And with that, our systems just could not handle the load. And it’d be the most obscure incidents you wouldn’t think would break, but under such immense stress and demand, we just couldn’t keep the site up all the time. And what that really exposed on our end was, we don’t have a really good incident management process. What we were doing was, we kind of just had every engineer in a single incident channel on Slack. And if you got paged, you just kind of ping in there. “I just got woken up. Did anyone else? Does this look legit?”
And there was no formal way, so there was no consistency in terms of how the incidents were created. And then, of course, from that top-of-funnel into the postmortem, there wasn’t too much discipline there. So, we really thought about, you know, after the dust kind of settled, there must be a better way to do this. And like most organizations that we work with, you start thinking about how can I build this myself?

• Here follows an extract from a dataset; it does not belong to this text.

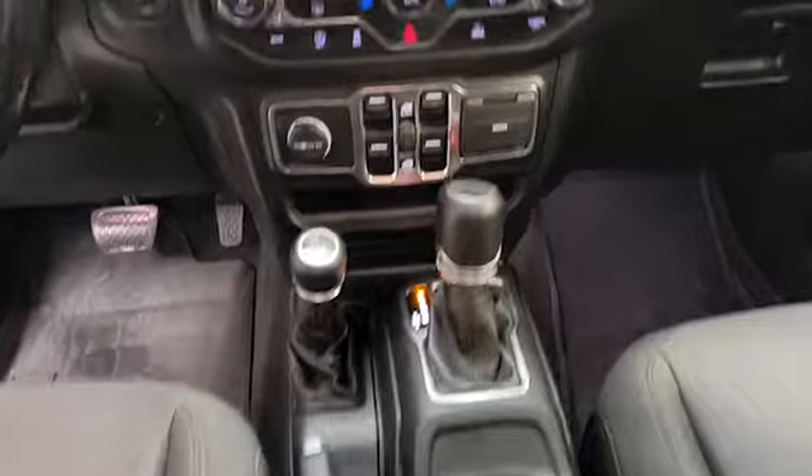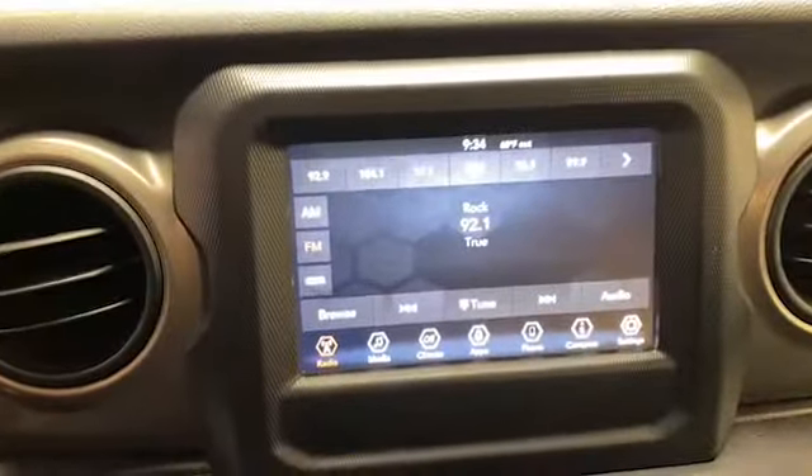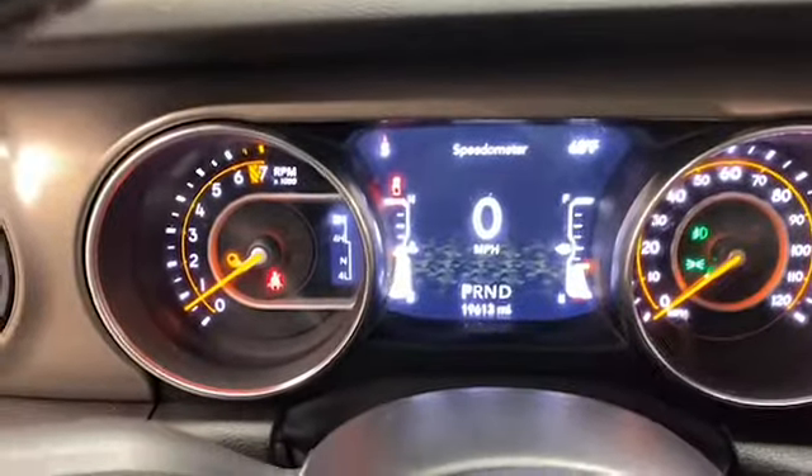This one-owner 2020 Jeep Gladiator has less than 20,000 miles and comes with the AutoCheck buy-back protection.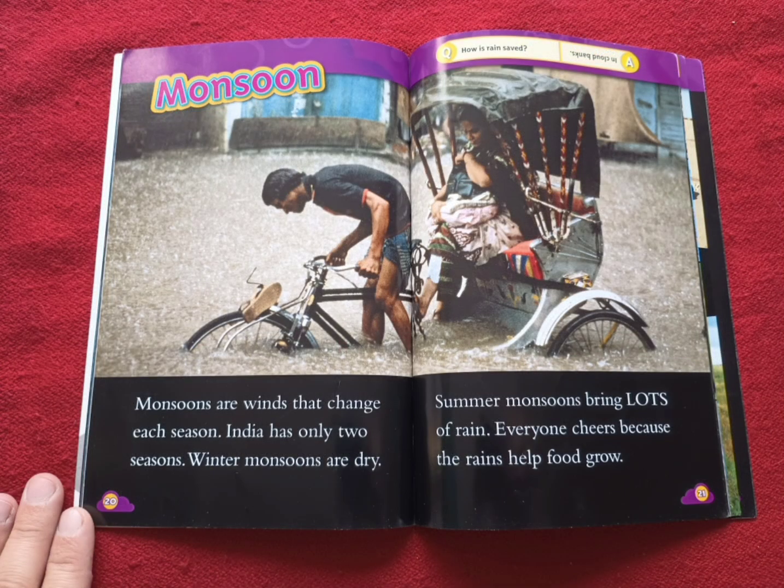Monsoon. Monsoons are winds that change each season. India has only two seasons. Winter monsoons are dry. Summer monsoons bring lots of rain. Everyone cheers because the rains help food grow.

I think there’s probably a little bit of a gap right now in this space. People generally understand monitoring tools really well, like New Relic, Datadog, alerting tools super well, PagerDuty, Opsgenie, they do a really good job at it. But everything afterwards, the actual orchestration and learning from the incidents tends to be a little bit sparse. So, we started embarking on our own. And for my co-founder’s side of things, he was more at the heart of the incident than I was. I think I was the one complaining about and breathing down his neck a little bit about why things [laugh] sometimes weren’t working.
And—yeah, and, you know, as we started thinking about internal solutions, we took a step back and thought, “Well, you know, if Instacart is facing this problem then I think a lot of companies must be as well.” And luckily, our hypothesis has proven to be true, and yeah, the rest is just history now.
Jason: That’s really fascinating, particularly because, I mean, it is such a widespread issue, right? And I think I’ve experienced that as well, where you’ve got a general on-call or incidents channel, and literally everybody in the organization’s in there, not just engineers, but—like yourself—product people and customer success or support folks are all in there. And the idea is this, sort of—it’s a giant, giant crowd of folks who are just, like, waiting and wondering. And so having a tool to help manage that is extremely useful. As you started building out this tool, I’m starting to think there are starting to become a lot more incident management tools or incident response management tools, so talk to me about what are the unique points about Rootly?
Because I suspect that a lot of it is influenced from, “These are the pain points that I had during my incidents,” and so you pulled them over? And so I’m curious, what are those that you brought to the tool that really help it shine during an incident?
JJ: Yeah, definitely. I think the space that we’re in right now is certainly heating up as you go to the different conferences and the content that’s put out there. Which is great because that means everyone is educating the broader audience of what’s going on and just makes my job just a little bit easier. There’s a couple, you know, original hypothesis that we had for the product that just ended up not being as important. And that has really defined how we think about Rootly and how we differentiate a lot of what we do.
How we did incidents at Instacart wasn’t all that unique, you know? We used the same tools everyone else did. We had Opsgenie, we used Slack, Datadog, Jira, we wrote our postmortems on Confluence, stuff like that, and our initial reaction was, “Well, people are using the same tools, they must be following a very similar process.” And we also looked and worked a lot with people that are deep into the space, you know, Google, Stripe, the Airbnbs of the world, people that have a very formal process. And so we actually embarked on this journey building a relatively opinionated tool; “This is how we think the best incidents can be run.” And that actually isn’t the best fit for everyone.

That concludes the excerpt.